Today is Tuesday, June 18, the 169th day of 2013. There are 196 days left in the year.

ASSOCIATED PRESS

On this date in:

1778: American forces enter Philadelphia as the British withdraw during the Revolutionary War.

1812: The War of 1812 begins as the U.S. Congress approves, and President James Madison signs, a declaration of war against Britain.

1815: Napoleon Bona-parte meets his Waterloo as British and Prussian troops defeat the French in Belgium.

1873: Suffragist Susan B. Anthony is found guilty by a judge in Canandaigua, N.Y., of breaking the law by casting a vote in the 1872 presidential election.

1908: William Howard Taft is nominated for president by the Republican National Convention in Chicago.

VINDICATOR FILES

1988: Salem Mayor Alvahnm Mondell says male strippers at the Hunt Club Foxes Den went too far in their last performance and he warns that if dancers don’t keep their shorts on and avoid direct contact with the audience the next time they perform, police will step in.

William G. Lyden Jr. receives the 1988 Distinguished Citizen Award from the Youngstown State University Alumni Association.

Youngstown officials are considering delaying a $2 million renovation of Federal Street from the fall until spring of 1989 so that all of the work can be completed in one construction season.

1973: Starring in “Guys and Dolls” at the Kenley Players at the Packard Music Hall in Warren, David Birney and Meredith Baxter.

Dean J. Ortner of Wakeman, a noted stunt flyer who took part in a recent air show at Youngstown Executive Airport, is killed in a crash of his converted P-51 airplane at Shelby Community Airport.

The Youngstown area will receive almost $90,000 in federal Safe Streets Crime-Fighting Funds distributed by the state.

1963: The Youngstown Board of Education approves an eight-room addition for Monroe School that will cost $176,545.

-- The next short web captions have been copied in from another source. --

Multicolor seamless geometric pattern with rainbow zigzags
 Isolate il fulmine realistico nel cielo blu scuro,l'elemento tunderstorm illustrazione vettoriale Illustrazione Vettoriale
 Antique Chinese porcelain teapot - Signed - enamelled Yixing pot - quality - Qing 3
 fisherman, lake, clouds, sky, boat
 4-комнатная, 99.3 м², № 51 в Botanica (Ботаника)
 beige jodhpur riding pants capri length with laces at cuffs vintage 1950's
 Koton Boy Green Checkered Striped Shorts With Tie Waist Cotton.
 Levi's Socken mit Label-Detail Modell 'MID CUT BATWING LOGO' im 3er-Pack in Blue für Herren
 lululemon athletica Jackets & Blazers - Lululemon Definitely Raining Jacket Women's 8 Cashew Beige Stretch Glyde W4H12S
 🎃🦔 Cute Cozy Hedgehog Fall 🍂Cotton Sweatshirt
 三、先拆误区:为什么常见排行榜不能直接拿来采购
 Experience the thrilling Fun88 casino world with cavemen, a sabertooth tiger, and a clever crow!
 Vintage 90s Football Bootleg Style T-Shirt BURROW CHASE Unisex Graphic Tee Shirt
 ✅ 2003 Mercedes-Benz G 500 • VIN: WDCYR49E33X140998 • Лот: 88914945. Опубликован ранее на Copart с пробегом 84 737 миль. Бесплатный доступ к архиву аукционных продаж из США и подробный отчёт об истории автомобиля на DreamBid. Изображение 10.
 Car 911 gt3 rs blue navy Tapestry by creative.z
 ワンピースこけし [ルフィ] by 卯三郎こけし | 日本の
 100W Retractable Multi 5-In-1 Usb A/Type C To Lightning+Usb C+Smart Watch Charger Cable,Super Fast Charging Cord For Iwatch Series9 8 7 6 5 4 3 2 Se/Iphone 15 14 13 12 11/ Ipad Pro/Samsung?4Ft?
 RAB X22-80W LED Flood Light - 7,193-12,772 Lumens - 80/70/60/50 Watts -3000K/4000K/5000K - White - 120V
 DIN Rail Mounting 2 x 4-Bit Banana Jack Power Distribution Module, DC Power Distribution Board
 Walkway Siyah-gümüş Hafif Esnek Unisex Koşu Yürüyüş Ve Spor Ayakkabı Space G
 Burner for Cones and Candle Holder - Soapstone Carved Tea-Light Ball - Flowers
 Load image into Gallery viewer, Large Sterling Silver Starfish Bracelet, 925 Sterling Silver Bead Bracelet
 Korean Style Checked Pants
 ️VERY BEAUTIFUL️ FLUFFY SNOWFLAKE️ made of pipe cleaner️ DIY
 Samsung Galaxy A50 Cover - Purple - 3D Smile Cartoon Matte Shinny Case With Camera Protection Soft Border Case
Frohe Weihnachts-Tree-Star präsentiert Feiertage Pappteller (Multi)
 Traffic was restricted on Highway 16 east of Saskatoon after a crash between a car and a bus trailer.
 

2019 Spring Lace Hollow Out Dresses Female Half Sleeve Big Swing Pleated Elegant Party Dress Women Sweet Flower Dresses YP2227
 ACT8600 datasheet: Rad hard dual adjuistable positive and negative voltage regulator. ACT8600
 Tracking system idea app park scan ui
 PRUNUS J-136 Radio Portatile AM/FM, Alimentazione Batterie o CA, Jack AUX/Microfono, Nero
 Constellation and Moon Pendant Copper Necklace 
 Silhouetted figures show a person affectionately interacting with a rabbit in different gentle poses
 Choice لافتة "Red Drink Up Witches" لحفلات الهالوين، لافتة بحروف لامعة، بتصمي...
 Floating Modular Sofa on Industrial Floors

A black-powder bomb explodes outside Coutris Restaurant at Market Street and E. Myrtle Avenue scorching the brick but causing little damage.

1938: Agents reputed to represent Youngstown’s three major lottery houses are arrested as Police Chief Carl L. Olson seeks to make the case that Youngstown police have not relaxed their crackdown on the bug.

Three gunmen attempt to hold up the Engle News Agency, a bookie shop at 135 W. Federal St., but flee empty handed just before police arrive to close the place down.

Federal Judge Albert B. Maris in Philadelphia rules as unconstitutional a regulation of the Minersville, Pa., public school board that pupils must salute the American flag despite religious beliefs.